Kurdish activists say they have collected 1.7 million signatures on a petition demanding a referendum on the future status of Iraqi Kurdistan. Organizers want the Kurds to be given the opportunity to decide whether the region should declare its independence or become a part of a federal Iraq.

Uthman believes the campaign greatly strengthens the Kurdish bargaining position.

"This pressure from the Kurdish street, from the Kurdish population, it is there, always it is there, including [among] the Kurdish leadership. And I think the Kurds, they have the right for self-determination, and they have the right to have a real say in what will go on in Iraq in the future.

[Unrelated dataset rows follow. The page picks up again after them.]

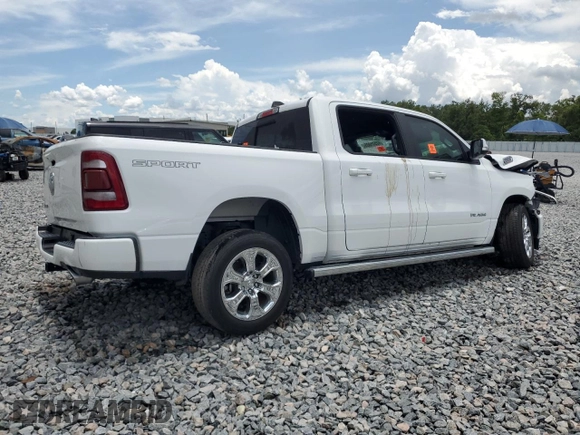 2020 Ram 1500 Lone Star with VIN 1C6RREFM8LN202507, listed as a Copart auction lot 62571605 with Not provided miles and Non repairable. Bid and sale history available at DreamBid. Image 3.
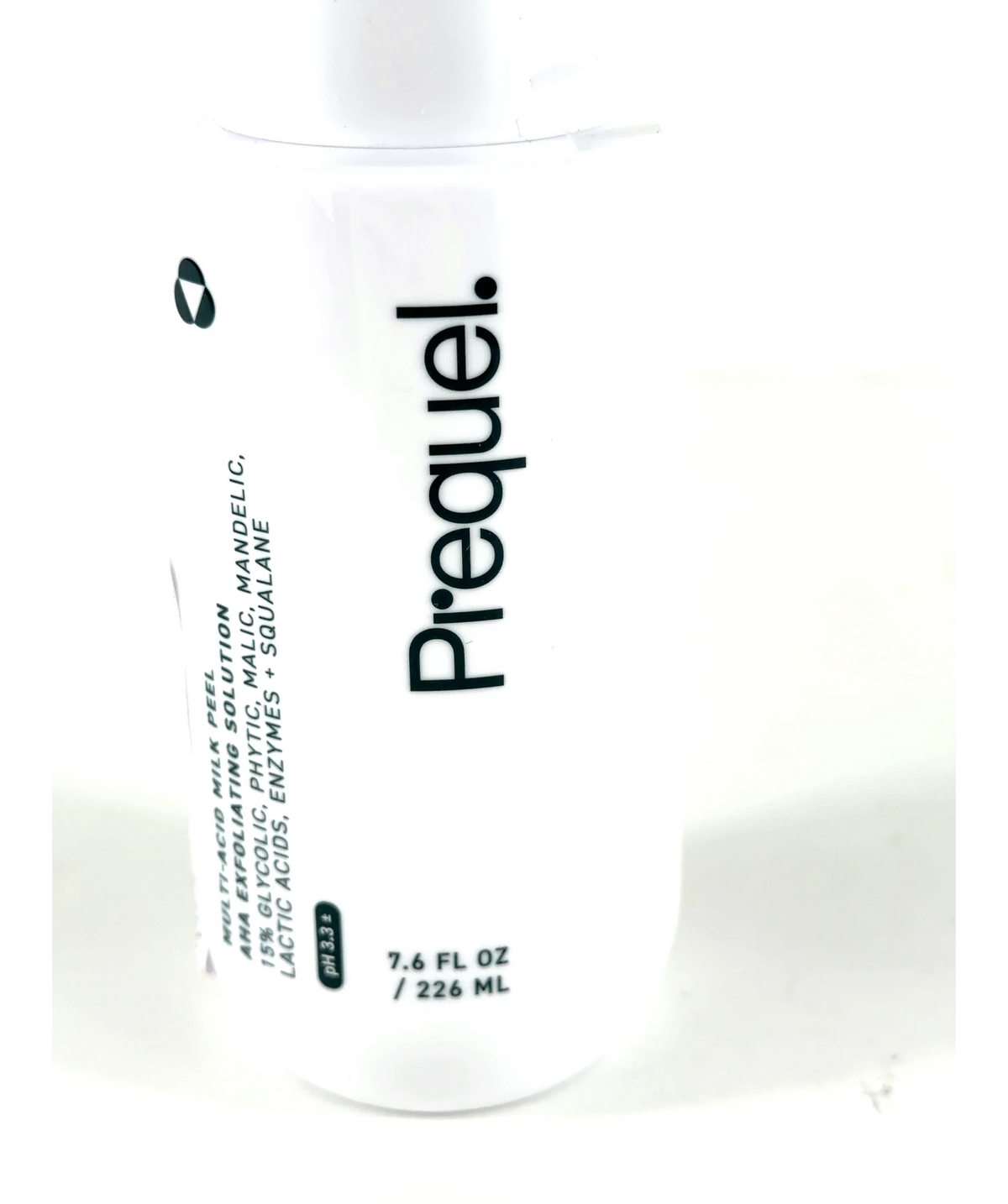 Prequel Multi-Acid Milk Peel, size 226ml — label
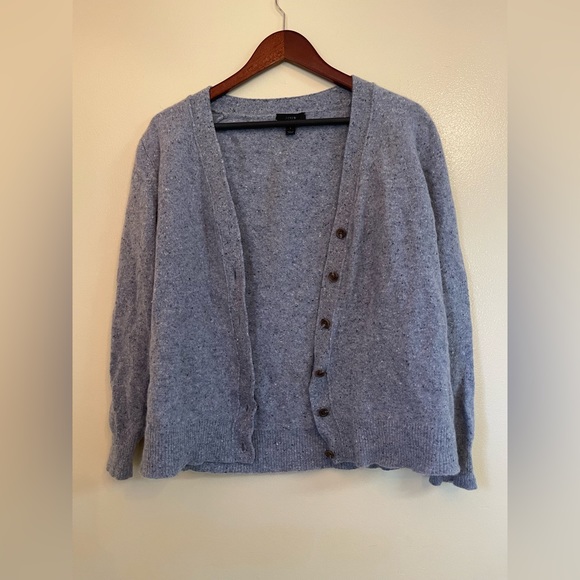 J. Crew V-Neck Cardigan Sweater Merino Wool Size S - Picture 4 of 9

So it is within that -- that question of a referendum -- and obviously it creates a constant pressure on everybody who deals with the Kurdish question," Uthman said.

Uthman believes Iraq's Kurds should have the right to self-determination but that the best solution now is to be included in a federation in a democratic Iraq, "at least for this period of time."

Fuad Hussein is a Kurdish expert and academic who is currently working as an adviser with the Coalition Provisional Authority in Baghdad. He says Kurdish politicians negotiated the best agreement possible under the circumstances.

"I am not calling it a victory. I am calling it a realistic solution for this period. And I think the Kurdish leaders who were there -- and they were participating heavily in the discussion -- [think the same], and I think they have reached good results," Hussein said.

Hussein believes the question of the status of the peshmerga will be less difficult to negotiate than the problem of borders. Hussein says the "main player in the border question is money" because the area is rich in oil. Hussein says Kirkuk is not the only disputed area. The border of the district around Mosul must also be settled, among others.

Ali Reza Nourizadeh is the director of the Center for Arab-Iranian studies, a private think tank in London. He says the interim constitution represents a historic victory for Iraqi Kurds.

"I think what has happened last night, they recognized the right of the Kurds for self-determination and self-governing, and also they promised that the boundaries will be decided by the elected government. Therefore, they have sort of assurances, and I think L. Paul Bremer [head of the U.S. civil administration in Iraq] also gave them that assurance, that it is not the final [solution] and that it will be studied carefully in the future," Nourizadeh said.

However, Nourizadeh says the Kurdish drive toward autonomy and self-determination may complicate the situation in the region, especially in Iraq's neighbors Turkey, Iran, and Syria, which also have large Kurdish populations.

"Turkey is extremely scared about Kurdish autonomy," Nourizadeh says, "and will use all its influence and other means to put it in check."